Our family in Hilton Head gave us some sage advice for touring Savannah. With just one day to see this town, they suggested we make our first stop the Savannah Visitors Center and catch one of the
trolleys for a hop on/hop off tour. So, we did just that with Old Savannah Tours. (It was the best $46 we've ever spent!)
Savannah is a very walkable town, but it is a bit spread out. One of its most prominent features are the 21 squares that dot the landscape in the various districts. This monument to William Washington Gordon, the first president of Georgia's earliest railroad, stands in the center of Wright Square. A visitor could spend a few days in Savannah seeing all of these squares, but our trolley made sure we saw the most notable in just a couple of hours.
Several books and movies have been set in Savannah. Its antebellum homes and big oaks draped in hanging Spanish Moss have served as the backdrop in the '90s for the films "Forrest Gump" and "Midnight in the Garden of Good and Evil", which was based on the book by John Berendt. Our tour included lots of tidbits about "The Book" as it is known here.
Here's a pretty typical row of townhouses in historic Savannah.
As a long-time member of the Girl Scouts, I took particular interest in this former home of its founder Juliette Gordon Low. As every Scout knows, she started the organization here in 1912.

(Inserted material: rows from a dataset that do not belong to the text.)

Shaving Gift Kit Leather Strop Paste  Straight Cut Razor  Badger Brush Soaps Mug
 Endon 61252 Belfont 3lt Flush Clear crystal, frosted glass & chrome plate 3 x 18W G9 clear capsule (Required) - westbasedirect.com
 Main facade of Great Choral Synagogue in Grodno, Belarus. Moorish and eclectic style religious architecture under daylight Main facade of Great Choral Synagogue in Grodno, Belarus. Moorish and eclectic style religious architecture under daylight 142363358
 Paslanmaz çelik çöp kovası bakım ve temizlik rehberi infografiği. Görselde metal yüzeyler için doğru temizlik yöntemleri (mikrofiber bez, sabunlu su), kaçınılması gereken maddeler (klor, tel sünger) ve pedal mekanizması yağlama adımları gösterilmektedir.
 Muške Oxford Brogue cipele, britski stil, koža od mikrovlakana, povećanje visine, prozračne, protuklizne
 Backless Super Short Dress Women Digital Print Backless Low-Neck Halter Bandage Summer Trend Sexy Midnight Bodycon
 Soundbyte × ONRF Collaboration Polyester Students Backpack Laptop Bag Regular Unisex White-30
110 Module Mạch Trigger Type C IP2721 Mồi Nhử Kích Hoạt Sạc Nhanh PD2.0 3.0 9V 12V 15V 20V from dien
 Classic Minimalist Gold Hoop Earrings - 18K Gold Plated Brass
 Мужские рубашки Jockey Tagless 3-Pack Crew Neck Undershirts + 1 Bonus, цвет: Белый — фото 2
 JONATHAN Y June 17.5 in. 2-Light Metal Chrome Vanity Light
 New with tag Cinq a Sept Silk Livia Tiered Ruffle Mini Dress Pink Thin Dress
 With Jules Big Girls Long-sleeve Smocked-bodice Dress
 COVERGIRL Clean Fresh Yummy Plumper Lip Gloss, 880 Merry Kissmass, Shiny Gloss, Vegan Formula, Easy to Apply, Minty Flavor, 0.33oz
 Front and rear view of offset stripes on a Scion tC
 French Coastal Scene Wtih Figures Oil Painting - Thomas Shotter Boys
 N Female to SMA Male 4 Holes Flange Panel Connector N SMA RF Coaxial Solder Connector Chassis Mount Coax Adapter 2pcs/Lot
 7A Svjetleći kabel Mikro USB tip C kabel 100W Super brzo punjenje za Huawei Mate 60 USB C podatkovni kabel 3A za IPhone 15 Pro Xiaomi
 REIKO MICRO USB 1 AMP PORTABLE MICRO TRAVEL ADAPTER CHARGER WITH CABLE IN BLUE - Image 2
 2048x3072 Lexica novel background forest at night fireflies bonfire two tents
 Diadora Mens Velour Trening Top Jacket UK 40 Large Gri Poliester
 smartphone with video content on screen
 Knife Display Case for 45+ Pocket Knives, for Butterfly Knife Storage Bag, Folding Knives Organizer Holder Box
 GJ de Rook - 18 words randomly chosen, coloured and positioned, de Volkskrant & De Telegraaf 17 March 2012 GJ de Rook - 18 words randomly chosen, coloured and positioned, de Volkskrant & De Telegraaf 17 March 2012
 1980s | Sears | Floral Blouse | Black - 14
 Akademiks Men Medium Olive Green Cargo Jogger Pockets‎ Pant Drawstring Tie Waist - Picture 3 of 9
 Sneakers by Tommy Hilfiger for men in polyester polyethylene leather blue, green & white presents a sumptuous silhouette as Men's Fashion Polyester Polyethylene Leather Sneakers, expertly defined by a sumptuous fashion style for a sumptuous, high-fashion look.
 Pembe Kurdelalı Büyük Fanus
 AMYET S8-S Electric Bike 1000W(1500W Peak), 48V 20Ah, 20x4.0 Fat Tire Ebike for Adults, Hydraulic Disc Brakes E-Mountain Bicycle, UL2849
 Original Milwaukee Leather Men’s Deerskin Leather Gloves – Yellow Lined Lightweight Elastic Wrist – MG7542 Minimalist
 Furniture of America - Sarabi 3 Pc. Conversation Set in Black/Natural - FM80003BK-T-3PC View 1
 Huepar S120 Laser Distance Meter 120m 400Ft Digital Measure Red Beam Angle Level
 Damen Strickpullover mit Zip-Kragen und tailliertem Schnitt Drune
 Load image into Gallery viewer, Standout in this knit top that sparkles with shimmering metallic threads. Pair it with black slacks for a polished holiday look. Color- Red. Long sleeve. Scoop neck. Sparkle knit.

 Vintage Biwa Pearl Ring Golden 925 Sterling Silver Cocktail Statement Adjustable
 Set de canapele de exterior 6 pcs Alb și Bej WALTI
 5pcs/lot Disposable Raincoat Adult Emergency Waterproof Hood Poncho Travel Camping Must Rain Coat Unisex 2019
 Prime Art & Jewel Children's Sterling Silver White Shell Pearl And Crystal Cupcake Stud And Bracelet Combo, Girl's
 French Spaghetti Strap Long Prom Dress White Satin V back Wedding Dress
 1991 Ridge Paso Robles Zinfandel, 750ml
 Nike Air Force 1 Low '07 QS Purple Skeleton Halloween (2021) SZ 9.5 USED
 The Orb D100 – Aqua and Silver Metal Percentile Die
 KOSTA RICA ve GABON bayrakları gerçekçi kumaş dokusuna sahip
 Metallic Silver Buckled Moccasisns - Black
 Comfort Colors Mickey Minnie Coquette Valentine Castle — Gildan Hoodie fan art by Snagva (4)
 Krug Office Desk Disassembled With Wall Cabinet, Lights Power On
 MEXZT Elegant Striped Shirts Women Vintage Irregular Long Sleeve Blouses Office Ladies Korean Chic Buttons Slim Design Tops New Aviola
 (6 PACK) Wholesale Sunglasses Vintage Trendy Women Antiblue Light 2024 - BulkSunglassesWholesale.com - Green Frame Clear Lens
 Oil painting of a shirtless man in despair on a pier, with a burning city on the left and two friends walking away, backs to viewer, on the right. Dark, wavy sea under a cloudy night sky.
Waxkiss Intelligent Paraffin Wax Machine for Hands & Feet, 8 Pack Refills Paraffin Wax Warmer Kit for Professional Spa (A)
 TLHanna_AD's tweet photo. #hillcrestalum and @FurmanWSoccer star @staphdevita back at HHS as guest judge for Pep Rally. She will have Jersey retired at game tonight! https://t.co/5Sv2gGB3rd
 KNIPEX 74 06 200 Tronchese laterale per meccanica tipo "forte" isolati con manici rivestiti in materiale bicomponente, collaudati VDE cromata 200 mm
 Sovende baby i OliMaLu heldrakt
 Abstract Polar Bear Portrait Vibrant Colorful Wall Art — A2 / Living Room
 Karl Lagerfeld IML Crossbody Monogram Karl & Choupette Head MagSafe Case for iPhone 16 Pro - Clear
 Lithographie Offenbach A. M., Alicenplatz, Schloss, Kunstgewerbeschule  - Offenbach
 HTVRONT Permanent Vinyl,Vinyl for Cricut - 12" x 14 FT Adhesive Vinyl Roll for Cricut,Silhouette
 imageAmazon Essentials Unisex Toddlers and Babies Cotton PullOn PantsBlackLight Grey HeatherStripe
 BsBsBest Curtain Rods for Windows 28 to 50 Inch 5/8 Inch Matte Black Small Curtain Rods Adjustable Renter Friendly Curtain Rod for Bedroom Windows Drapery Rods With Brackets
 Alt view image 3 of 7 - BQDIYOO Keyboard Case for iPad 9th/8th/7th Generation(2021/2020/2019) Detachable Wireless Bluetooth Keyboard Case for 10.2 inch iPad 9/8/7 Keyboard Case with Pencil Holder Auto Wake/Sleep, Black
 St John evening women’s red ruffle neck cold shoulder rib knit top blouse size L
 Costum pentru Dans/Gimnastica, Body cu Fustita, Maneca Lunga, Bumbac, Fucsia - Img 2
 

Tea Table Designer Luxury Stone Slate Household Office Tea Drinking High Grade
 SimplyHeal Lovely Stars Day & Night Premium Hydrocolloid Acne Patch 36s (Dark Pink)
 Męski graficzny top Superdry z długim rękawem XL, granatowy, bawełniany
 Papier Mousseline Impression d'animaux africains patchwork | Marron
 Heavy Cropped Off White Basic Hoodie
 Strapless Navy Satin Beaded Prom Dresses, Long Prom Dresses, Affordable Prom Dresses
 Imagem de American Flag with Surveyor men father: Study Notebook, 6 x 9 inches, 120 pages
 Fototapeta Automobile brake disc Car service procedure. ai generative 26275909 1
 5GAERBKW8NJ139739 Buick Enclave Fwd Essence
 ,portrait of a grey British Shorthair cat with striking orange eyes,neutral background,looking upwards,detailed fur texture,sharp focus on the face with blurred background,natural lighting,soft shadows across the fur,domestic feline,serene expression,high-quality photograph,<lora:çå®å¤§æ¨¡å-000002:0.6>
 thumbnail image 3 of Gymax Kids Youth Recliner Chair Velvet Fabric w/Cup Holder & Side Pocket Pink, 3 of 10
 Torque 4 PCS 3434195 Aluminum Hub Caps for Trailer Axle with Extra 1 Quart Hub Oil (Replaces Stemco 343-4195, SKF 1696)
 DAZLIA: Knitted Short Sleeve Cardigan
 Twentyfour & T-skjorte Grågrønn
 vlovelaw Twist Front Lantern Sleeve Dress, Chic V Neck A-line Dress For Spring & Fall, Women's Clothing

Savannah has a reputation for being America's most haunted city. Pirates House is the city's oldest building, and - reportedly - its most haunted. In the 18
th century it served as a
rendezvous point for pirates. Today it's a popular restaurant.
Savannah's City Market is a two-block area filled with restaurants and art galleries. It looks like a great place to hang out. But, we had to keep moving!
Today City Market hosted a Halloween costume contest for dogs. We saw many dressed up mutts, including this spotted hula dancer.
Fans of the Food Network know Savannah as the home of Paula
Deen. When we passed by her restaurant, Lady & Sons, it was booked for lunch and dinner, as it is most days. Reservations are not accepted, so patrons line up at 9:30 a.m. each day in hopes of getting a seat sometime later in the day.
Savannah is also known for its City Hall topped with a 23-karat gold dome. A local philanthropist donated $200,000 to the city to transform the dome from green paint to shiny gold. In 1987 the job was complete, and the town's mayor declared the gilding "a jewel on top of this lovely place called Savannah."
Just down the cobblestone steps from City Hall is River Street, which is lined with shops, restaurants and nightspots. We enjoyed some tasty Mexican
fare for lunch, which was served by a waitress who was sporting a "Rock Chalk
Jayhawk" t-shirt. Very fun! (And, yes, I forgot to get a picture.)
The Savannah River Queen is a replica of a 19
th century stern wheel riverboat. Visitors can choose from a variety of cruises to experience Savannah from the river. Their "Murder Afloat" mystery cruise is just perfect for this town!
"Waving Girl" is a charming sculpture near the river's edge that commemorates Florence
Martus. According to Savannah lore, Miss Florence lived with her brother in a lighthouse on Savannah harbor between 1887 and 1931. During that time, she waved hello and goodbye to every passing ship in the harbor. Historians estimate she waved some 50,000 greetings. And for that, she gets a statue!
After we waved so long to downtown Savannah we headed to the outskirts of town to find quilt fabric. I missed Alabama and had yet to spot a quilt shop in South Carolina, so I decided to shop for three states in one! Clockwise from upper right are the fabrics of Georgia, Alabama and South Carolina. The clerk at Colonial Quilts asked if I was from out of town, and gifted me with an additional fat quarter from their "hospitality basket". Nice touch!